For the last few years, the two local servicemen and best friends have served and trained around the world ” Gonzalez as a Marine corporal and Walters as a Navy parachute rigger.

Gonzalez, 20, did a 7-month tour in Iraq tracking enemy fire on radar and Walters, 22, helped evacuate civilians in Lebanon.



Both are currently stationed stateside, but Gonzalez expects to head back to Iraq in April. Walters will return to Virginia Beach for training.

But this year both got to return to the valley and celebrate their first Christmas with friends and family since joining the military.



“It’s been non-stop since we’ve been back. We’ve been snowboarding and seeing friends, making the rounds,” said Gonzalez, who is from Edwards. “And my family is definitely excited when I come home.”
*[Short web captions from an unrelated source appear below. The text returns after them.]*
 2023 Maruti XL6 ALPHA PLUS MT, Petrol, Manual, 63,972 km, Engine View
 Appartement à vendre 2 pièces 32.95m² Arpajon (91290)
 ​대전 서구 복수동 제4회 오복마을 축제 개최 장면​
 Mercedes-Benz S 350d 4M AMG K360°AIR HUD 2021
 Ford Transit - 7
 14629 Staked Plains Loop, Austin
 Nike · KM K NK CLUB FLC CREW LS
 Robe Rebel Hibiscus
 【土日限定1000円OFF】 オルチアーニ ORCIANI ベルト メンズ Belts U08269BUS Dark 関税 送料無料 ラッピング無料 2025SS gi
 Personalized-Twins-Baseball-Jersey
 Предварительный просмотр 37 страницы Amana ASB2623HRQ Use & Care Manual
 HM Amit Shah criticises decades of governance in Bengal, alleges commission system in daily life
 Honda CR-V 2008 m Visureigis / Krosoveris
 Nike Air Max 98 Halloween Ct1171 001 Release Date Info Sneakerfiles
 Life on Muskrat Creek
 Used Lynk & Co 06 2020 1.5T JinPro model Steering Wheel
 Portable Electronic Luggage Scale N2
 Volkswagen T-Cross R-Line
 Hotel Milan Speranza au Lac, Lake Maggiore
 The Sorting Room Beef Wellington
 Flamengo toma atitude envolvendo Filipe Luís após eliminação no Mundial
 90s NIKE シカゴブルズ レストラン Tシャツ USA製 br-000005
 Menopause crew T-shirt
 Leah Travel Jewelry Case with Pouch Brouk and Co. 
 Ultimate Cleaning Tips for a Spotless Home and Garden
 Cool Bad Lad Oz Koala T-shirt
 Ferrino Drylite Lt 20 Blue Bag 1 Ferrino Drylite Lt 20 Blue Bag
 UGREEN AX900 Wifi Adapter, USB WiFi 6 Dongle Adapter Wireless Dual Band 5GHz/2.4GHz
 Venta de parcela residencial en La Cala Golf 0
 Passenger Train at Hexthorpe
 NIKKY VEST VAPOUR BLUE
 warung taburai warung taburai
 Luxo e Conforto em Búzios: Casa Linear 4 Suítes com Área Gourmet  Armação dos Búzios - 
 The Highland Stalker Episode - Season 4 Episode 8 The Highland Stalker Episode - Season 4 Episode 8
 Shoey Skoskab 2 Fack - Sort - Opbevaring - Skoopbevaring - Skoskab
Gonzalez’s mother, Ida De Loera said she has been preparing for Christmas since she found out her son would not be shipped out this winter.

“He got in town at 4:30 in the morning and woke me up,” she said. “It’s nice to be woken up by your son.”



Coming back to the states can be a difficult adjustment after living in war zones, Gonzalez said.

“Honestly, it gets boring here,” he said. “You train to do a job here and you go out and do it there. I feel like I might as well stay there.”

Still, it is a rare chance for the high school friends to spend almost every waking moment together.

Walters, originally from Brooklyn, came to the valley to spend his senior year of high school and met Gonzalez at the prom.

“I was the new guy at Battle Mountain High School and we met on the dance floor. We were the only two people there who knew the cha-cha slide,” Walters said.

The two and another friend, Harrison Brown, hit it off right away and were inseparable, De Leora said.

“It was hard, going from seeing each other every single day to them being away and never seeing each other,” Brown said.

The friends still try to talk on the phone weekly, even when they are on different sides of the globe.

While Gonzalez and Walters said they love their jobs, it takes some focus to keep from missing home, they said.

“You just can’t think about it or think about being scared, or you’ll never get your job done,” Walters said.

Dealing with the isolation is one of the hardest aspects of the job, he said.

While at sea, Internet access can be spotty, and mail comes twice a month at best.

“I was on an all-male ship, and I saw men cry when they didn’t get any mail. It was some sad stuff, let me tell you,” he said.

Gonzalez said he remembers the first time he experienced a bombing in Iraq.

“I was eating and I’d only been there 3 or 4 hours. It hit, and everybody just stopped. I think there was complete silence for about 5 seconds,” he said. “But you get used to it.”

Walters said he had always been interested in joining the Navy, and he wanted to set an example for his 12-year-old brother.

“I wanted him to see that there’s another life out there than being on the streets,” he said.

Similarly, Gonzalez said his younger cousin is a motivation for him. He also wanted to get out of the valley and see the world, he said.

And it doesn’t hurt that they get to shoot guns, both added.

It is difficult at home while Gonzalez is away, De Leora said.

“I have to deal with what they want to do with him,” she said. “He tells me that he is the property of the U.S. government. I have to learn to deal with that.”

She worries constantly while Gonzalez is in Iraq, especially when his phone lines get taken out and she does not hear from him for weeks.

“Then I’m a wreck. I always think the worst,” she said. “I try not to think about it as much. I work more or volunteer to keep my mind off it.”

She is extremely proud of her son, but sometimes she still wishes he had gone to college in Boulder like many of his other high school friends.

“This is what he wants to do, and he loves it. He was born to do it, but I wasn’t born to be a soldier’s mother,” she said. “I don’t know if anything can prepare you for that.”